◆ Exercise objective:
Reproduce only the lines that begin at the line with "this 250×188 image." and run to the end of the entries; omit every picture.

==========

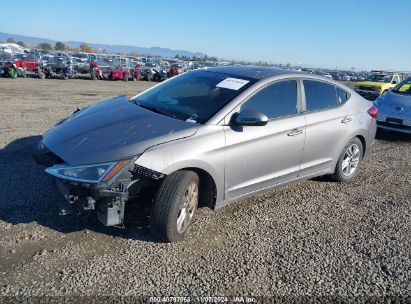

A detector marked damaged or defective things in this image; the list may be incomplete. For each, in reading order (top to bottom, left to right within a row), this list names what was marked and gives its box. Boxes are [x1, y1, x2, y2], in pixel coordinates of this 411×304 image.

exposed headlight area [45, 160, 130, 184]
damaged front end [33, 144, 164, 227]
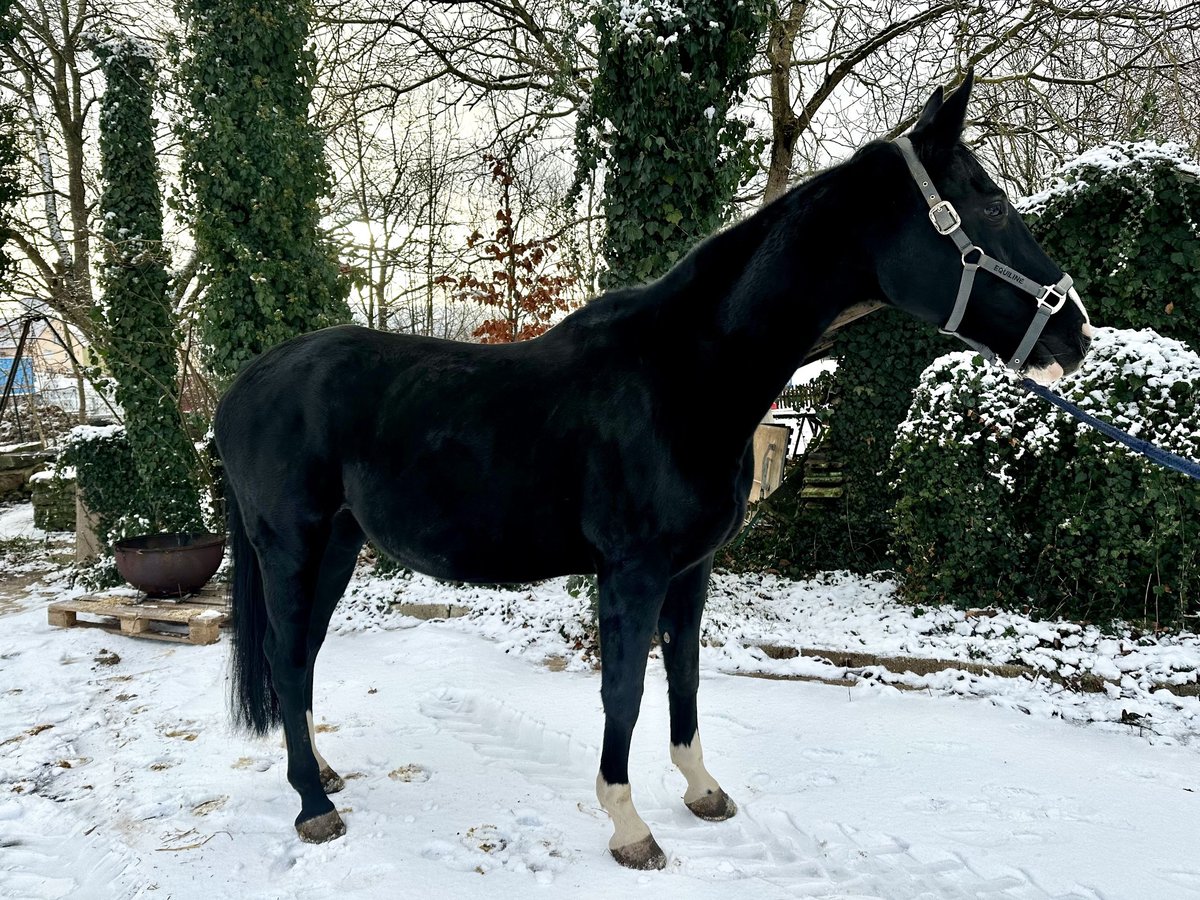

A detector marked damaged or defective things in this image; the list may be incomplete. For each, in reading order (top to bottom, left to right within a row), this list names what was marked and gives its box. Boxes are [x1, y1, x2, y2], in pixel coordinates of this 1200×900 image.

rusty metal bowl [113, 535, 225, 600]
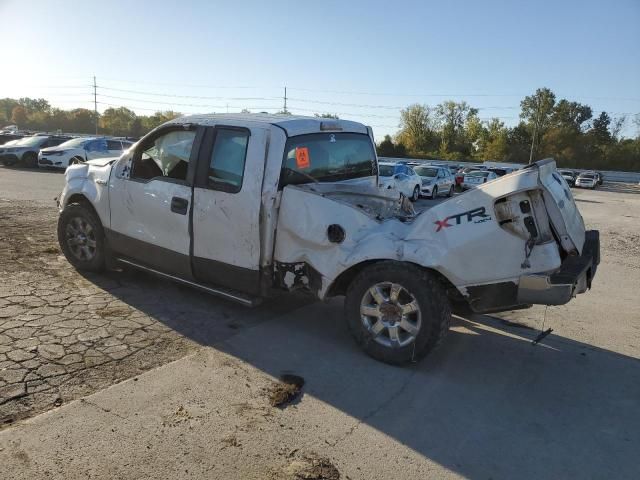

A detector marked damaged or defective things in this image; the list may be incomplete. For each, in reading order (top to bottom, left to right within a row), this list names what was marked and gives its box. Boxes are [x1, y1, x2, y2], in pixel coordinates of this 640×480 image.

damaged pickup truck bed [56, 114, 600, 364]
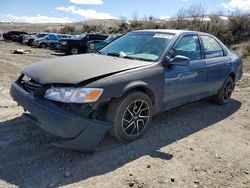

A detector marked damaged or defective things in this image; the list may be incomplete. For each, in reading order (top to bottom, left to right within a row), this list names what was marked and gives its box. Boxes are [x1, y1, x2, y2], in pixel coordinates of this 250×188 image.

damaged hood [23, 53, 152, 84]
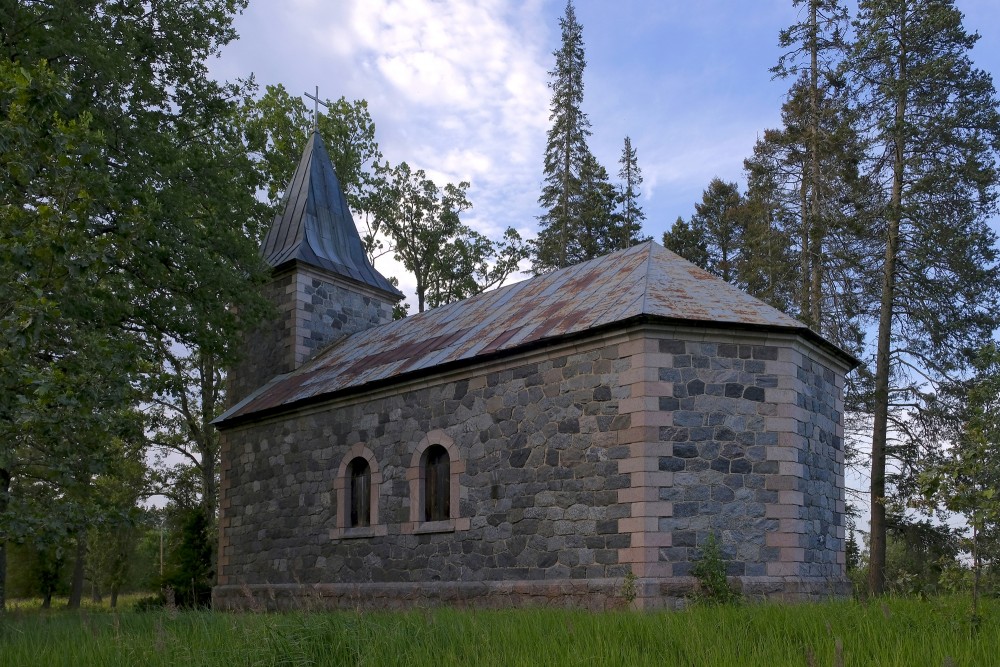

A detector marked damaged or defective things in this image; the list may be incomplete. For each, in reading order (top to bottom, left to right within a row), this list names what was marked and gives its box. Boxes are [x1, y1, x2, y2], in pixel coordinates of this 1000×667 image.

rusted roof [260, 130, 404, 298]
rusted roof [219, 241, 844, 428]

==========

◆ Written answer:
A detector marked damaged or defective things in this image; the list may be incomplete. For each, in reading order (top to bottom, left to right within a row), this list names what was marked and gives its box. Boxes are [x1, y1, x2, y2], in pixel coordinates of this 250×188 image.

damaged hood [23, 53, 152, 84]

A detector marked damaged or defective things in this image; the list may be incomplete. For each, in reading order (top to bottom, left to right within a row), this list names what was marked and gives its box. Boxes are [x1, y1, x2, y2], in pixel coordinates of this 1000×667 image.

rusted roof [260, 130, 404, 298]
rusted roof [219, 241, 844, 428]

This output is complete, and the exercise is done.